The sentence was close to what Hoffman agreed to in a plea bargain two months ago.
Rather than jail time, Justice Thomas Graham said he wanted Hoffman working for the jail, out in the community, where people could see him.
"I don't feel that jail is much of a punishment, where you can sit around playing cards and watching TV," Graham said.
Hoffman will be required to lecture twice a year on teacher ethics at a teacher's college. Graham said he wanted future teachers to learn from Hoffman's mistakes.
He will also be required to undergo sexual abuse counseling, even though it was not part of the plea agreement and the probation department pre-sentence investigation found he is highly unlikely to commit sexual abuse in the future.
Hoffman, in pleading guilty in May, did not admit to sexual relations with the girl.
When given a chance to speak prior to sentencing by Graham, Hoffman declined.
The victim's mother did speak and she accused Hoffman of destroying her relationship with her daughter.
"She won't even talk with me anymore," the mother said. "You filled her head full of lies. You told her I didn't care about her or understand her. How was I supposed to compete with that?"
Hoffman is accused of taking the girl shopping and sending her numerous text-messages.
Her friends are said to have alerted her mother about the relationship with Hoffman, whose wife gave birth to a little girl within the past year.

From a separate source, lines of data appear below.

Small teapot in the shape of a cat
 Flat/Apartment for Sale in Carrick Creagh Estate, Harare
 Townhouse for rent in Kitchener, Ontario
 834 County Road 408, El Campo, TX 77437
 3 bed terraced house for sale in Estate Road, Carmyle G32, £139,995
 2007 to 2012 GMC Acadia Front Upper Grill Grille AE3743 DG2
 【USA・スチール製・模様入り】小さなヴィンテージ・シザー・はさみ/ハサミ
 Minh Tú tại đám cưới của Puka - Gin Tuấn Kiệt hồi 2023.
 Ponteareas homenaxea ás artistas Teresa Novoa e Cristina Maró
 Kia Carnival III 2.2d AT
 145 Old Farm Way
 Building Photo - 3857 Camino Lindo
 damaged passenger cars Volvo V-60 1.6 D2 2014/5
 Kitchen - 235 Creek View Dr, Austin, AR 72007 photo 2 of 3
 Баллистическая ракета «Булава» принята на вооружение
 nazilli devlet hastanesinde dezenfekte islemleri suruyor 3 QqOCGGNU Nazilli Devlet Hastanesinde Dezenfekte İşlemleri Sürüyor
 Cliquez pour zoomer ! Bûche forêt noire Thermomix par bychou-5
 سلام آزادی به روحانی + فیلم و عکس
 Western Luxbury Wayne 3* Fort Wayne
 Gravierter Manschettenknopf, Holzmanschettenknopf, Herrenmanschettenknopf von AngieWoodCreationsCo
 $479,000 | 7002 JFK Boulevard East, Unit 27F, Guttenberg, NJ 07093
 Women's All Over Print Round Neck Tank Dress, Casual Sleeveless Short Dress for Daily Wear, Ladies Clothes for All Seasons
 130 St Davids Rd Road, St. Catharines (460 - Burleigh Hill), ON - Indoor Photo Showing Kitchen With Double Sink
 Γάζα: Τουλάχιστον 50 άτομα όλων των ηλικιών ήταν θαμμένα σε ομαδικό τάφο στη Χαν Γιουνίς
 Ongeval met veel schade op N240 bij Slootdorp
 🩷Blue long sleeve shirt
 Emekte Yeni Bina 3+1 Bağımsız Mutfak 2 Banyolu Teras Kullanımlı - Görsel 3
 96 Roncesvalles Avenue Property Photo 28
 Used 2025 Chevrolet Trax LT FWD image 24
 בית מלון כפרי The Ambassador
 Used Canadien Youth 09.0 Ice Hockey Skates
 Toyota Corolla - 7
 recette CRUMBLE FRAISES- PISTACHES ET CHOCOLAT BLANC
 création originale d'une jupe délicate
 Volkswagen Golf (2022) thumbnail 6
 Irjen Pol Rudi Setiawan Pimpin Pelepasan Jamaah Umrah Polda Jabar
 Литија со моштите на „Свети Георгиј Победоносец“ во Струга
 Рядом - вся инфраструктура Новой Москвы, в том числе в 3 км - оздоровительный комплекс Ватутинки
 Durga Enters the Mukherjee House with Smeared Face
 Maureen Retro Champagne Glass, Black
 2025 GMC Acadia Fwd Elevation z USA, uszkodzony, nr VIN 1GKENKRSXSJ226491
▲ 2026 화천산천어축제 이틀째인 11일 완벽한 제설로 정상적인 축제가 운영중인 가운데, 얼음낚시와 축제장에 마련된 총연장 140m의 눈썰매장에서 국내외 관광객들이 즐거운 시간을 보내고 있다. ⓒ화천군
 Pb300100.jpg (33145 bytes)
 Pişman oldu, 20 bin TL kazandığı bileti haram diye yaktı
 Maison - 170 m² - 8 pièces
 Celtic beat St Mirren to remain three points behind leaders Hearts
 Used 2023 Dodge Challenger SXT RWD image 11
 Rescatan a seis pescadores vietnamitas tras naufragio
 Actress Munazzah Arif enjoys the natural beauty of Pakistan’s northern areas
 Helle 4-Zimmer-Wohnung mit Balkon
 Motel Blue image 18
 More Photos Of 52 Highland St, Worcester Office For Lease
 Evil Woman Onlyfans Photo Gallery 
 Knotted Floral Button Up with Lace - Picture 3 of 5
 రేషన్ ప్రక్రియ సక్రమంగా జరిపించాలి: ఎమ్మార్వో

But both her mother and Assistant District Attorney Kevin Finnell describe a situation in which the girl is no longer able to attend school, that she's been robbed of her senior year, because some at the school have apparently taken Hoffman's side.
Twenty years from now when Oakfield-Alabama holds its reunion, this is going to be what she thinks about," Finnell said. "Her 20th reunion, her 30th reunion, her 50th reunion, if she even attends. It's always going to be there, what he's done to her."
If not for people coming forward and alerting her parents, Finnell said, the situation was "just a whisper away" from becoming something more serious.
Attorney Thomas D. Calandra said that in giving up his teaching credentials, Hoffman, who has no prior criminal record, will suffer punishment enough.
"He has master's degree in music that is probably of little use to him now and in the future," Calandra said.
Calandra reported that Hoffman completed three different sexual offender tests for the probation department, and in all of them he scored only one or two points (one test out of a possible 12 and another out of a possible 54).
"He's absolutely no danger to the community," Calandra said.
Graham said it was a very tough case to decide.
"You were given a position of trust," Graham said. "An educator has an extremely high level of responsibility and trust. You hurt the victim, the victim's parents, the victim's family, your wife, your daughter, your family and her family. That bond of trust was broken by you."
But, Graham noted, Hoffman has a lot going for him -- the love of his wife and support of his family, including his in-laws (his father-in-law nodded vigorously as Graham spoke).
"I can only hope that everyone can heal," Graham said. "Something that you will understand with your Christian background, Mr. Hoffman, someday you will be judged by a higher authority other than myself."